0.00% overall alignment rate.
3. I still used this output to do the counting by HTseq-count.
module load HTSeq/0.9.1-intel-2017A-Python-2.7.12
pe1_1='/scratch/user/guotingfeng/RNAseq/Hisat2/1_pe_aln.sam'
pe1_2='/scratch/user/guotingfeng/RNAseq/genomereference/Bacillus_subtilis_subsp_subtilis_str_168.ASM904v1.37.gtf'
sample='/scratch/user/guotingfeng/RNAseq/HTseq/Hisat2/bwamem_1sam.txt'
**htseq-count -f sam -s yes -m union -r name -t exon -i gene_id --additional-attr=gene_name $pe1_1 $pe1_2 > $sample**
The output is weird: I didn't get any read in each genes and it said all the reads are not aligned.
**gene:BSU38850 yxkC 0**
**gene:BSU38860 galE 0**
**gene:BSU38870 yxkA 0**
**gene:BSU38880 yxjO 0**
**gene:BSU38890 yxjN 0**
__no_feature 0
__ambiguous 0
__too_low_aQual 0
**__not_aligned 24291367**
__alignment_not_unique 0
So anyone have any ideas? Thank you very much. Have a good day.
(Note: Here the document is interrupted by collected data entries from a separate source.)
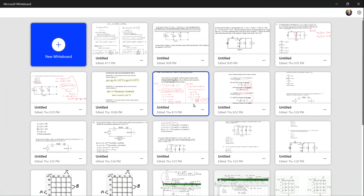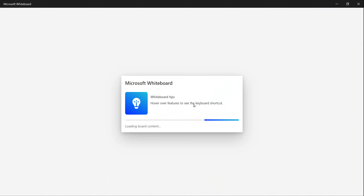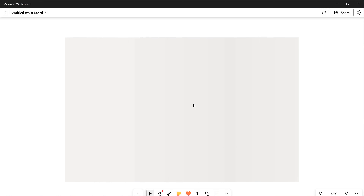Before you start trying to find time derivatives of voltage and current in RLC circuits, there are a couple of things you definitely have to completely understand. It's the comparison between a capacitor and an inductor. Let's start by taking a look at a capacitor on the left-hand side. Energy is stored in an electric field in a capacitor.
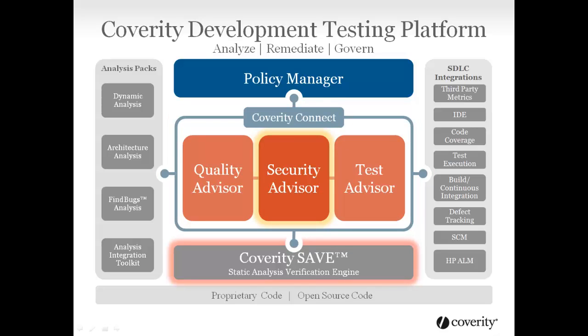SAVE works continuously behind the scenes, using patented technologies to find real software problems like out-of-bounds memory access, overflows, SQL injection, and cross-site scripting.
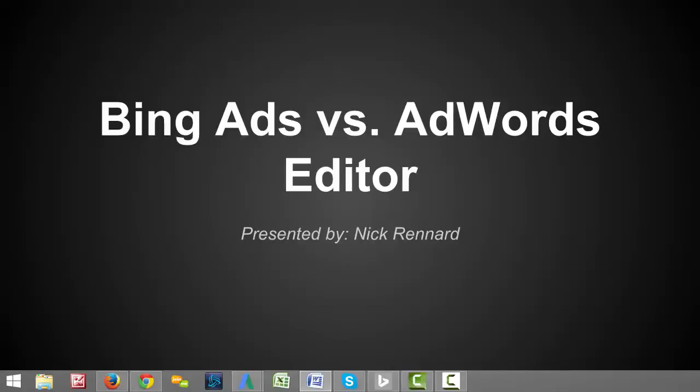Hello everybody and welcome to another episode of my video blog series. I am your host Nick Renard, and today we are going to be talking about the Bing Ads Editor and comparing it to the AdWords Editor.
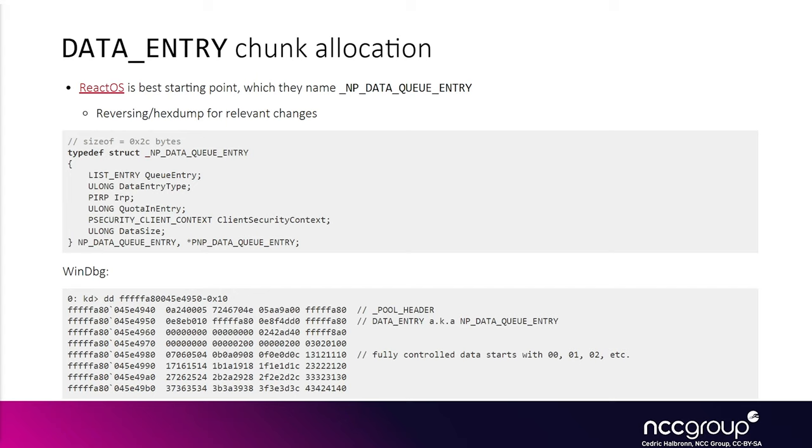the objects we use are on the same pool as the objects we're trying to replace, as well as the objects that we're trying to do the Feng Shui for. We can also use the name pipes to control the data when replacing the check before it triggers the use-after-free.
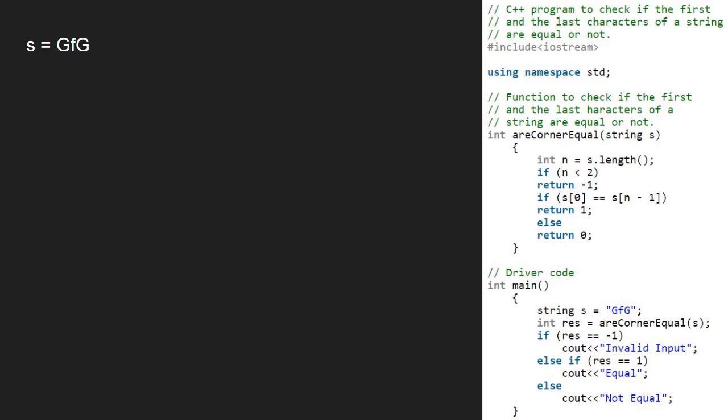Now, in the rCornerEqual function, we take an integer n which will be equal to s dot length i.e. 3 for our case. We check if n is less than 2. As it is not, we go to the second if statement.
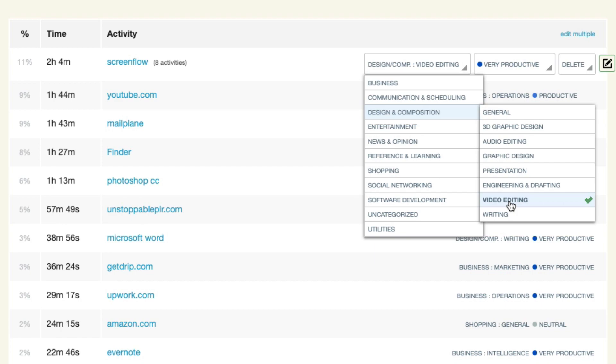In the first couple of weeks, RescueTime won't exactly know the habits that you have and exactly what's important in your business, so you're going to have to categorize things at the start. It might take a little bit of time, but it's well worth it in the end.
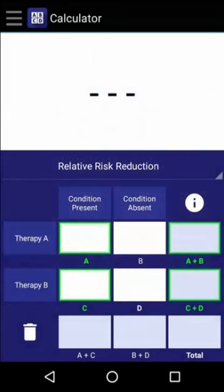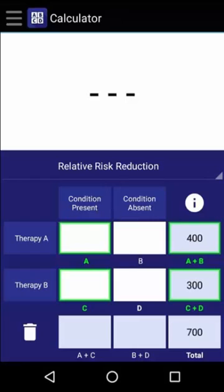Now let's try a quick example. Let's say that in a clinical trial involving 700 people, 400 received Therapy A and 300 received Therapy B. By the end of the trial, 30 people who received Therapy A developed the condition of interest, while 60 people who received Therapy B also developed the condition.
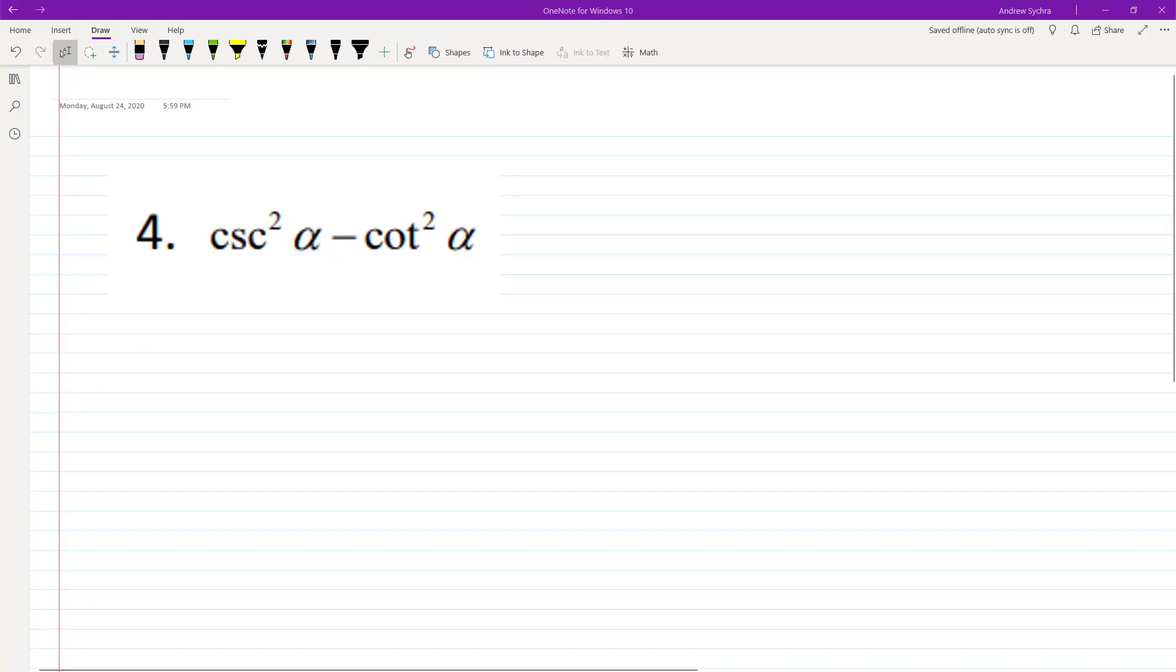All right, so let's go ahead and prove or simplify this following statement. So if we, you know, I should have pulled it up here. Let me get this really quick.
The HTSeq part makes sense; that it's not reporting anything if 0% of reads aligned. Can you try to rerun HISAT2 with the most basic parameters? e.g. something like this to start:
hisat2 -p $threads -x $genome_index_prefix -q -1 $pe_1 -2 $pe_2 -S out.sam
If that works, I would try adding your other parameters one by one (
--dta
, then read groups, platform etc.) and see what causes the issue.Hi manuel.belmadani, Thank you for your reply.
I did as what you said to delete all other parameters and rerun the program. The result is totally same.
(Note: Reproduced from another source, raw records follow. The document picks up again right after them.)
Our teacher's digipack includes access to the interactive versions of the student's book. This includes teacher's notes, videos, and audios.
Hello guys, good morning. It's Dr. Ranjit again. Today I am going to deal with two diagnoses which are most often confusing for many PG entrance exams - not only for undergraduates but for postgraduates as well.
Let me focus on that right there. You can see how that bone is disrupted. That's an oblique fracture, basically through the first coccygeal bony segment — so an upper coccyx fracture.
hisat2 -p $threads -x $genome_index_prefix -q -1 $pe_1 -2 $pe_2 -S out.sam
samtools view -h -bS out.sam | samtools sort -m 2G -@ $threads -T $sample -n -o $output_bam
The output of Sam is here:
@HD VN:1.0 SO:coordinate @SQ SN:0 LN:33 @PG ID:hisat2 PN:hisat2
VN:2.1.0 CL:"/sw/eb/software/HISAT2/2.1.0-intel-2017A-Python-2.7.12/bin/hisat2-align-s --wrapper basic-0 -p 20 -x /scratch/user/guotingfeng/RNAseq/genomereference/genomereference -q -S out.sam -1 /tmp/2611.inpipe1 -2 /tmp/2611.inpipe2"
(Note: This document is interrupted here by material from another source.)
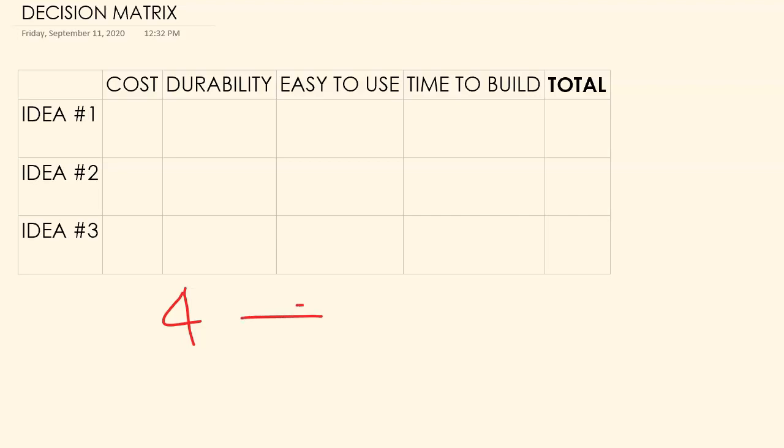And all the way down here at the other end is a one, and that means it doesn't do it very well. So we have three ideas here, and if you brainstorm, you need way more than three ideas. This is just a model.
K00333:90:H3TMTBBXY:2:1101:20070:1947 77 * 0 0 * * 0 0 CCTGTGTAATCTGCCCGCGGGCGGGTCATCCGGAGATTGTTAAACTGCTCAAGAATATTAAAGAAGCAGGCTGAC YT:Z:UP
K00333:90:H3TMTBBXY:2:1101:20070:1947 141 * 0 0 * * 0 0 NGCATTACTGAATAAATCGGTGATGTTAAAGGGACTCTTCACGTAGGAACTTATAAAAGGGTAAGTACAATTTTG YT:Z:UP
Report is still same,
25854795 reads; of these:
25854795 (100.00%) were paired; of these:
I found SN:0 in the Sam file, is that normal? Does it mean there is some problem for my genome reference data or index file? How can I check that? Thank you very much. Have a good night.